Water saturation-driven evolution of helium permeability in Carboniferous shale from Qaidam Basin, China: An experimental study

Abstract

Permeability is an important parameter for describing the transport properties of gas shales. This study investigates the effects of water saturation on stress-dependent permeability and the slip factor of Carboniferous shales in the Qaidam Basin, China. To analyze correlations between water saturation, effective stress, helium permeability, and slip factor, helium permeability of 12 shale samples with different water saturation at pore pressures up to 6.89 MPa and effective stresses up to 27.58 MPa at 25 °C is measured.
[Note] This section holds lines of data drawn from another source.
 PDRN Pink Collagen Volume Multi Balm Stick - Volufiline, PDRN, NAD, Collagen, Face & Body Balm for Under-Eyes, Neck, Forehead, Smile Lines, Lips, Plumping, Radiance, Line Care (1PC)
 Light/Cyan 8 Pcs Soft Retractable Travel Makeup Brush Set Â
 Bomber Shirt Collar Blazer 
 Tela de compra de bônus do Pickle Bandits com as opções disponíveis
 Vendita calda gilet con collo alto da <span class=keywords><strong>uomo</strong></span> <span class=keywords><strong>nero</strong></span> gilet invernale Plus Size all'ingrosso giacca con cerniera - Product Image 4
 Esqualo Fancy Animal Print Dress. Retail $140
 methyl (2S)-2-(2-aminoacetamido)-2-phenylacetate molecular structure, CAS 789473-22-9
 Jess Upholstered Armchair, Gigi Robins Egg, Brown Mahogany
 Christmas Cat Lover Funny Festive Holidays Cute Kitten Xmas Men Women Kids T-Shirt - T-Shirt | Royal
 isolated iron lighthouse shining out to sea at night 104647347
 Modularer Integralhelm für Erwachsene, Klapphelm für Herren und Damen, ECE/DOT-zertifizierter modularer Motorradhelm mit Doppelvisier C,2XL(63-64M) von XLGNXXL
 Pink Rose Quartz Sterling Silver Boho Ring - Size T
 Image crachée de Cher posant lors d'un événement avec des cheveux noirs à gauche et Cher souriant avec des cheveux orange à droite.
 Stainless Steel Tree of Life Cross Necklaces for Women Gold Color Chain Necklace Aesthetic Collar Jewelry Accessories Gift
Subsequently, shale characteristics, including mineral composition, total organic carbon (TOC) content, thermal maturity, vitrinite reflectance, and pore structure distribution (PSD; pore volume and type), are determined. The analyses reveal a consistent (exponential) relation between apparent effective gas permeability (at 6.89 MPa) and effective stress. The apparent effective helium permeability (at 4.13 MPa) decreases exponentially with increasing water saturation, particularly in shale samples with a high intrinsic permeability. The critical water saturation value of shale is 30%–40%. Two different modes of gas–water two-phase flow are observed. When water saturation is ∼30%, helium permeability decreases sharply and gas–water flow in the shale samples appear as channel flow. However, when water saturation is >40%, helium permeability slowly decreases, gas–water flow in the shale samples appear as funicular flow, gas and water simultaneously flow in all capillaries, and thin films of structured water on mineral surfaces reduce the pore-throat diameter. Thus, increased water films in narrow flow paths increase the gas slippage effect. Furthermore, the slip factor initially decreased with increasing water saturation before increasing. Helium permeability exhibits a negative correlation with TOC and clay contents and a positive correlation with quartz content. The micropores and mesopores in samples with high clay content and TOC are favorable to gas adsorption but not to gas transport. Permeability measurements of humidity oven–dried samples reveal a power–law relation between the gas slip factor and Klinkenberg-corrected permeability; the slope of the resulting curve (−0.29) is lower than that obtained for low-permeability gas sands. This study provides practical information for further studies of shale gas migration and the gas slippage effect in certain gas–water flows.